━━ STORED DATA ━━

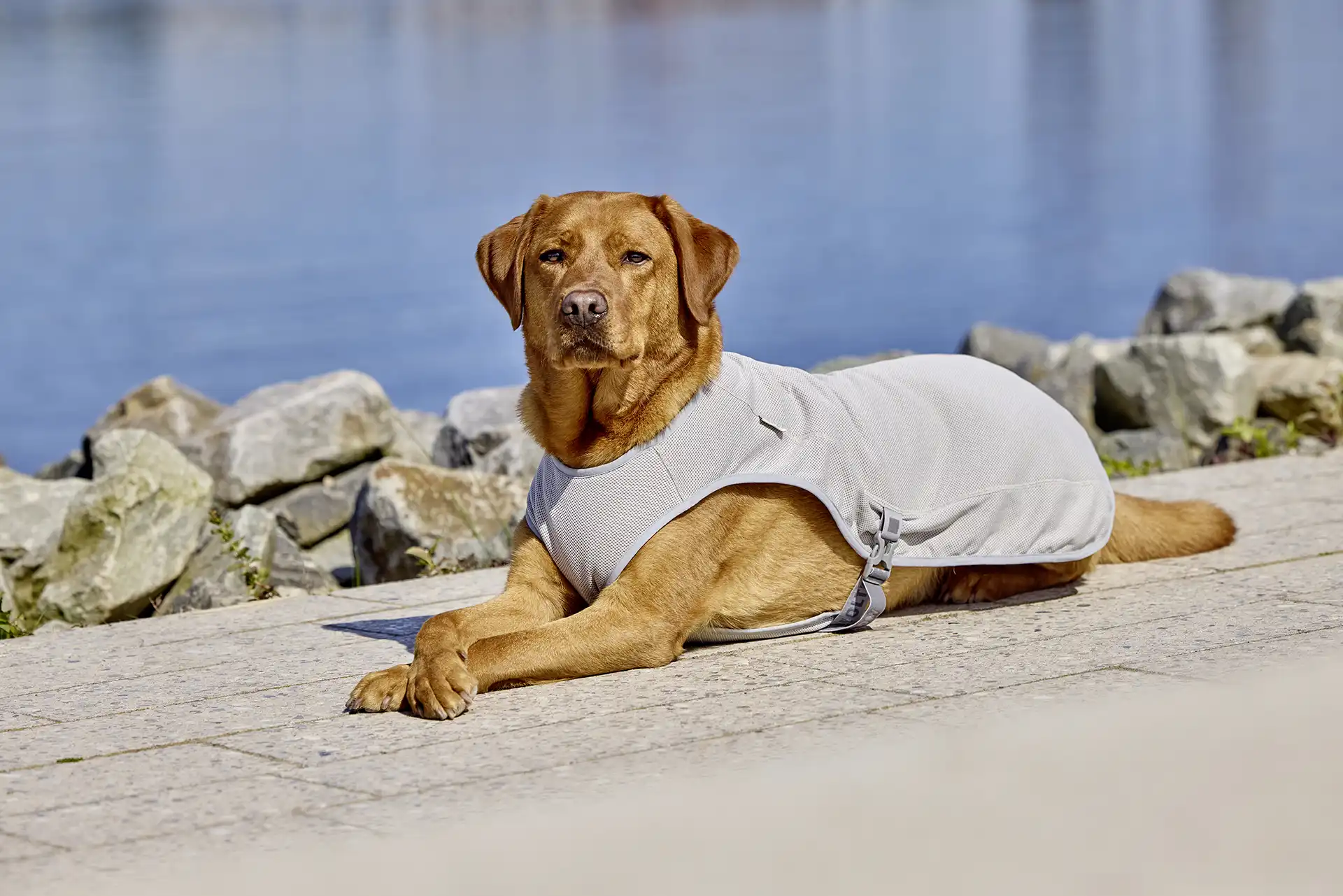 Wolters watchout Kühlweste, absorbiert Wasser für eine natürliche Kühlung, waschbar bei 30°, perfekt für unterwegs und Reisen (XS, S, M, XL)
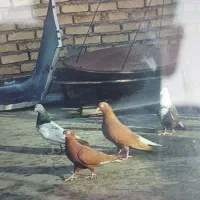 کبوتر|پرنده|خرمشهر, |دیوار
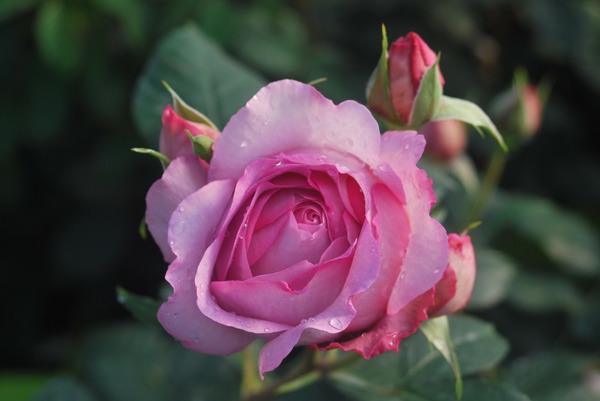 Rose Souvenir de Louis Amade ®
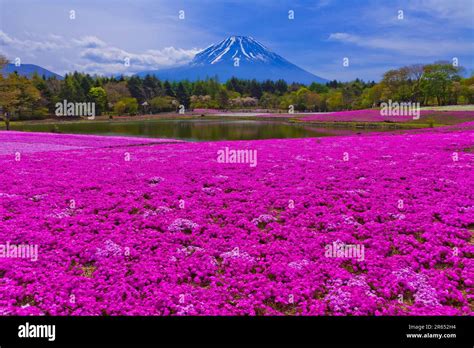 Mount Fuji and cherry blossoms Stock Photo - Alamy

━━━

__TO DO__. Give the data back exactly, omitting all pictures.

__SOLUTION TO THE EXERCISE__.
 Wolters watchout Kühlweste, absorbiert Wasser für eine natürliche Kühlung, waschbar bei 30°, perfekt für unterwegs und Reisen (XS, S, M, XL)
 کبوتر|پرنده|خرمشهر, |دیوار
 Rose Souvenir de Louis Amade ®
 Mount Fuji and cherry blossoms Stock Photo - Alamy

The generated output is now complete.